Another fellow in the program, Jinah Kim, said it has unexpectedly opened up ways for her to participate in critical analysis of many aspects of the teaching process.
“As faculty, we engage in these types of discussions with our colleagues at one time or another, but being part of the program provided me with a chance to do so more formally at regular intervals with the excellent guidance of the outstanding directors,” said Kim, assistant professor of history of art. She came to Vanderbilt in 2006 after earning her Ph.D. in history of art at the University of California-Berkeley.
“I am always looking for different ways to engage with my students better because my courses cover material that is foreign to most students,” she said. “Visits to different classes gave me inspiration for how to present my material more interestingly and effectively.”
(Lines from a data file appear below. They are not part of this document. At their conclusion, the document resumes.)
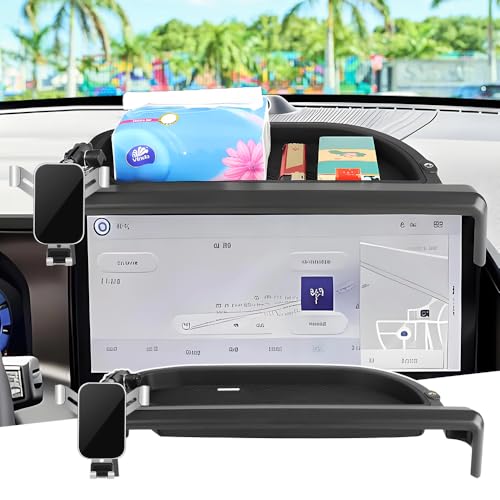 Car Phone Holder Center Console Organizer Tray for Ford Bronco Sport 2025 2026 [13.2-inch Screen] Auto Interior Accessories Best Cell Phones Mount Mobile Cellphone Stand Dashboard Storage Accessory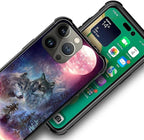 for iPhone 12 Pro Max Case, Star Two Wolfs Howling Pattern Graphic Design Girl - Image 3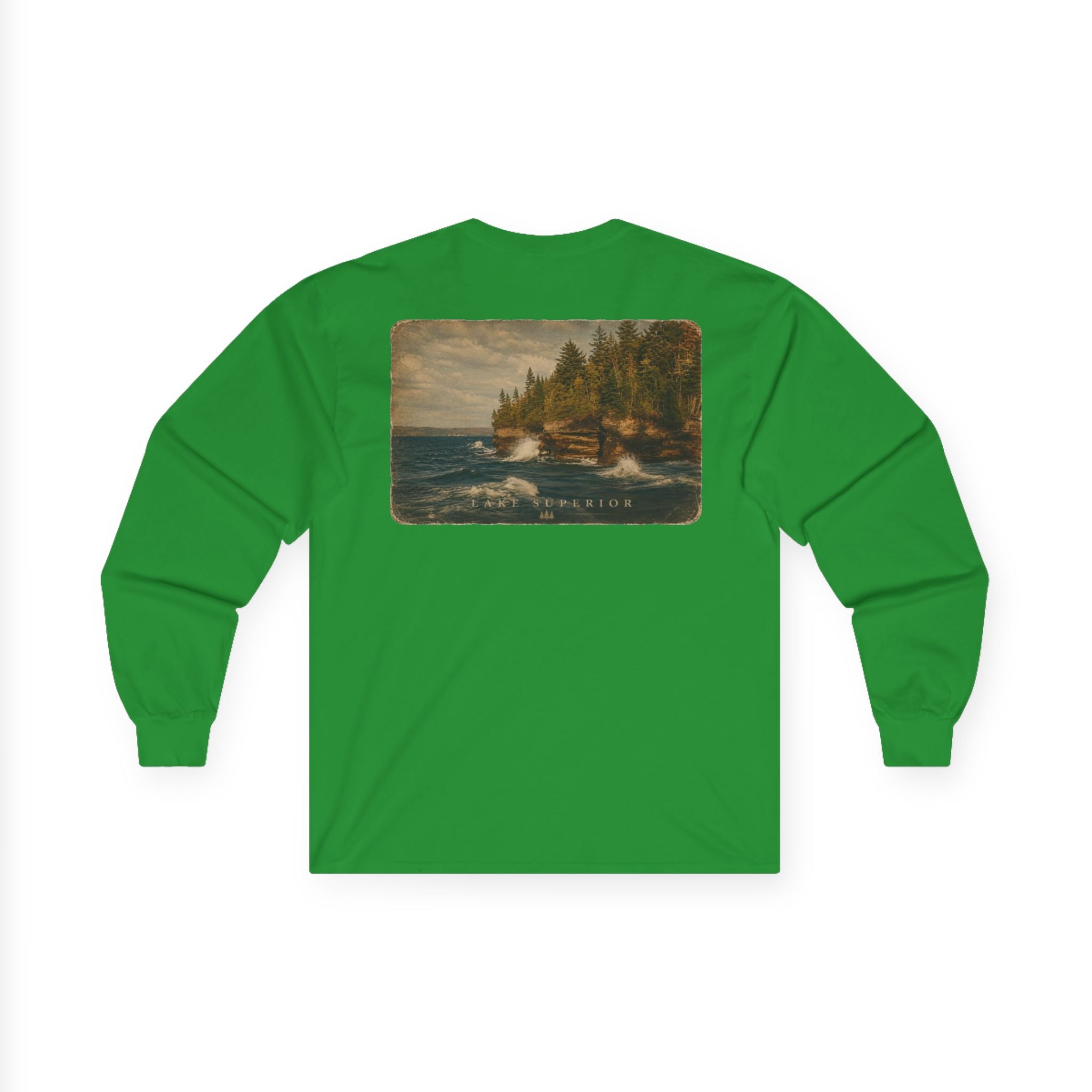 Long Sleeve Tee — Coastal Cabin Landscape Back Print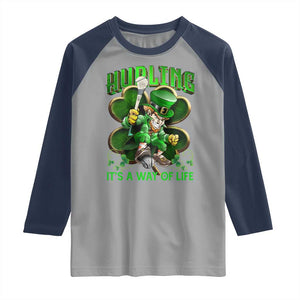 Funny Hurling It's A Way Of Life Raglan Shirt Leprechaun Shamrock Irish Sport TS11 Sport Gray Navy Print Your Wear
Discussions with other fellows and CFT staff members helped Kim to find solutions when she found her students were struggling in her Himalayan art class.
“I was extremely concerned about whether my students were learning the material or not. I noticed that the foreign terms and names in Sanskrit, Tibetan and Nepali often created a mind block for the students and prevented them from learning to their full intellectual capacity.
“Katharine Baker, who has been my CFT consultant, gave me the idea of letting students fill out index cards with their questions or comments about each lecture and turn them in at the end of class,” Kim said. “This turned out to be extremely helpful for me to know what to address in the next class, and I think students had a sense of shaping the course.”
As this semester comes to a close, the fellows now have a whole new way of looking at their teaching methods for the semesters
“I think the whole point of it is to be more reflective about your teaching,” said Ackerman-Lieberman. “It’s important to carve out your time to meet with other faculty, to learn from each other and to take time to develop future courses.”
Added Kim, “It has been helpful to know that other faculty members face similar challenges when it comes to balancing the content and the critical perspectives in their teaching. There isn’t always a single answer, but it has been helpful to explore the different ways to deal with those challenges.”